Friday June 29, 2018
1987. An idle afternoon spent at the local video library, searching for any diversion from revising A Level Government and Politics. And lurking in the increasing dust covered Betamax section, between Confessions of a Driving Instructor and Carry On England, is a film that you hardly believed existed – The Boys in Blue, starring Tommy Cannon and Bobby Ball. Well, it might be worth the £1.50 rental fee...
That same evening as you slump before Filthy, Rich and Catflap on BBC2, you reflect on the 90 odd minutes of your life that has been wasted on a remake of the 1939 Will Hay comedy Ask a Policeman.

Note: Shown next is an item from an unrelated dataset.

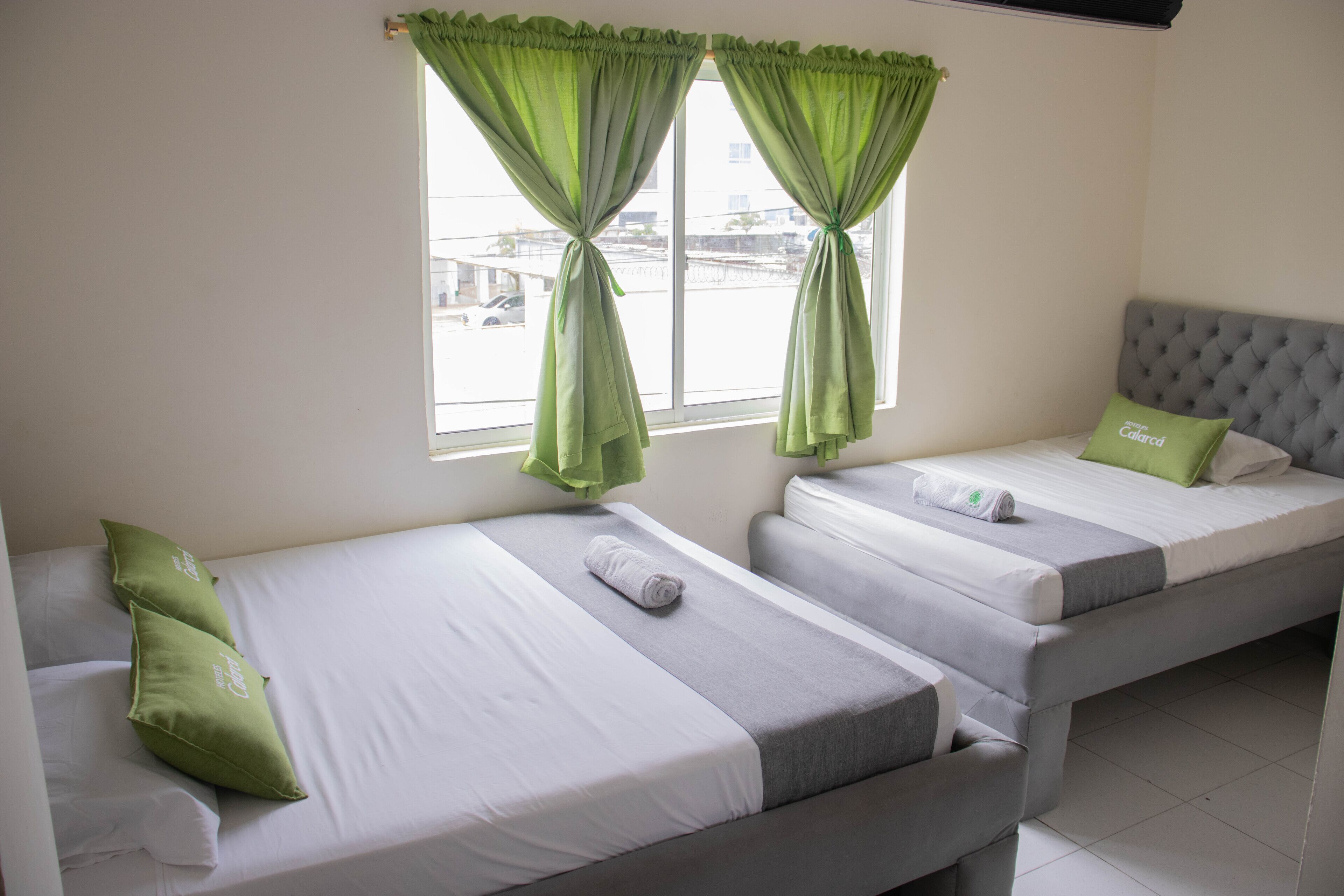 Photo - Hotel Calarca N1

In both, a tiny rural police station run by incompetents is threatened with closure by the Chief Constable before the staff discovers themselves involved with smugglers. The significant differences are that the former was shot in black and white, it does not have scenes that look as though they took place in the middle of a Force Ten Gale and was generally devoid of glum-looking support actors.
In short, the earlier picture is a classic of British cinema while possibly the sole redeeming feature of The Boys in Blue is the appearance of several excellent BL PR fleet cars.
In many respects, Cannon & Ball’s only cinematic vehicle was both of and after its time. By the early 1980s, it was very unusual for a British comic double act to make a film as that era seemed to have ended when the last of the Rank Organisation's three Morecambe & Wise films was released in 1967.
By contrast, the Austin Mini Metro Panda and the fleet of jam-sandwich and unmarked police Rovers precisely date the year of shooting. In 1982 both models were heavily promoted in the press, and although The Boys in Blue is often as hilarious as a Public Information Film about pylon maintenance, it is a chance to see the last of pre-facelift SD1s in all of their glory.
The background traffic is equally representative of a pre-Maestro and Montego Britain, with its Ford Cortina Mk. IVs, Datsun 120Y Sunnys and Chrysler Sunbeams, and there are also plenty of shots of the Metro on location in Weymouth.
Unfortunately, the rest of the picture is remarkably dreadful, although this is not the fault of Tommy and Bobby. Such a seasoned double act merited a better outing, and the film might have worked well as a one-hour TV special.
As it was, the idea of a Mercedes-Benz W123 ambulance fitting with a US-style light bar being mistaken for an alien spaceship is an idea that would not have passed muster on Rentaghost.
The ineptitude of the final reel chase had several viewers fondly remembering the back-projected shenanigans of The Saint and while some of the cast members try hard – Jack Douglas is rather good as a Chief Superintendent – others are telegraphing in their performances. The Boys in Blue has the dubious distinction of being one of the only times that Roy Kinnear appeared utterly bored and disinterested on screen.
So – The Boys in Blue; cheap, shoddy-looking and filled with Rover 3500s and a Metro in its prime. That is why I am going to watch it again.